Capítulo14

Ya no quedaba tiempo. Veinticinco años avanzando con firmeza hacia ese momento, se habían reducido a un par, y después a meses, finalmente a días. Y por fin había llegado el momento, el tiempo se había detenido.

Guido oía a la orquesta afinando en el foso. La signora Bianchi le había dicho que Tonio estaba listo, pero que no debía entrar en el camerino. Y él y Tonio, que se habían abrazado aquella tarde musitando íntimas palabras, habían establecido un pacto: cuando llegara el momento definitivo ninguno haría partícipe al otro de sus propias dudas.

Guido se miró en el espejo por última vez. Su peluca blanca le quedaba a la perfección, la levita de brocado de oro, después de una serie de retoques realizados por la sastra, le permitía mover los brazos con plena libertad. Intentó alisar el encaje de la pechera, aflojar los puños y el cinturón; nadie lo notaría. Finalmente recogió la partitura.

Antes de salir al foso, se detuvo un instante detrás del telón y contempló la sala.

El gran candelabro había desaparecido en el techo, llevándose consigo la luz diurna.

Parecía como si las tinieblas que envolvían el teatro desataran un rugido salvaje. En la platea la gente pateaba y se oían gritos groseros procedentes de ambos lados.

Los abbati habían ocupado la parte delantera del teatro, tal como Guido esperaba, y los palcos estaban abarrotados. Habían puesto sillas adicionales por doquier, y encima de él, a la derecha, descubrió a una docena de venecianos. Uno de ellos le resultó conocido: se trataba de aquel gigantesco eunuco de San Marco que había sido preceptor y amigo de Tonio.

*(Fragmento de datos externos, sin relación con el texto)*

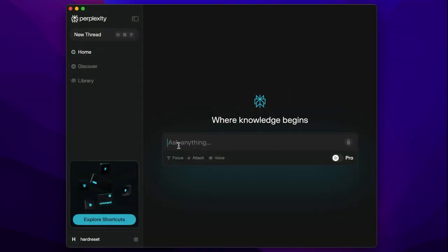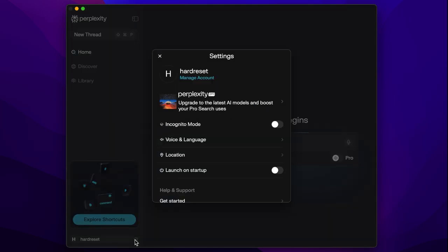So you have to click on this settings icon in here and enable this incognito mode option.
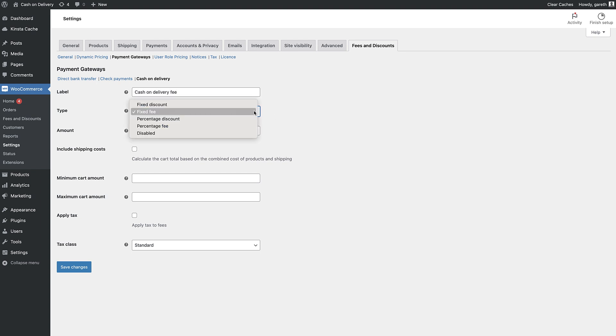You can also choose whether to apply a fixed fee or a percentage of the overall order total.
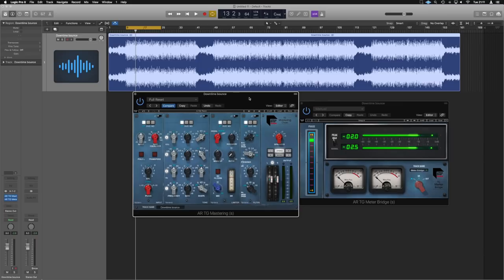Okay guys, so here we are in Logic. I've got loaded up a mix of one of my tracks that does actually need mastering. And this is my first experience with the TGI mastering suite. So let's get into it and have a look at each individual module and what that represents and the purpose of it.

Los napolitanos también abundaban; la condesa Lamberti estaba con Christina Grimaldi en la primera hilera de palcos, de espaldas a la mesa de la cena en la que otros ya habían empezado la partida de cartas. El maestro Cavalla también se encontraba en la sala y había hecho llegar sus saludos a los camerinos. El cardenal Calvino era el único representante de los cardenales de Roma. A su alrededor se apiñaba un grupo de nobles, que hablaban sin dejar de sostener la copa de vino en la mano.

De repente, un hombre corrió por el pasillo hacia la orquesta, con las manos entrelazadas en el aire al tiempo que soltaba un largo grito de burla. Guido se puso tenso, estaba furioso porque no comprendía su significado, y entonces, desde el techo, cayeron pequeños papeles blancos en forma de copos de nieve, al tiempo que todo el mundo se ponía en pie para cogerlos.

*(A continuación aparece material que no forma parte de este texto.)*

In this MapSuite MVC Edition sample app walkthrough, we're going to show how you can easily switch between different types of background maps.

El público había comenzado a abuchear y a patear. Guido tenía que salir a ocupar su puesto.

Cerró los ojos y apoyó la cabeza en la pared. Entonces notó que alguien lo sacudía y apretó los dientes, dispuesto a defender su último momento de tranquilidad.

– ¡Mire esto! -Era Ruggerio, que tenía en la mano uno de los trocitos de papel que habían caído desde arriba.

Guido se lo arrebató y lo acercó a la luz. Era un grosero soneto en el que se decía que Tonio, en su ciudad natal, no era más que un gondolero y que tendría que volver allí a cantar la barcarola en los canales.

– Esto es terrible, terrible -murmuraba Ruggerio-. Conozco a los romanos, conseguirán echarnos. No querrán escuchar, para ellos no es más que una diversión, ya tienen a un patricio veneciano del que burlarse, y Bettichino es su cantante favorito, y conseguirán humillarnos.

– ¿Dónde está Bettichino? -preguntó Guido-. Él es el responsable de todo esto. Se volvió, con el puño cerrado.

– No hay tiempo, maestro. Además, ellos no reciben órdenes de Bettichino. Lo único que saben es que los teatros están abiertos, y que su pupilo, con su actitud, les ha dado la excusa perfecta. Si hubiera adoptado un nombre artístico, si no fuera tan aristócrata y…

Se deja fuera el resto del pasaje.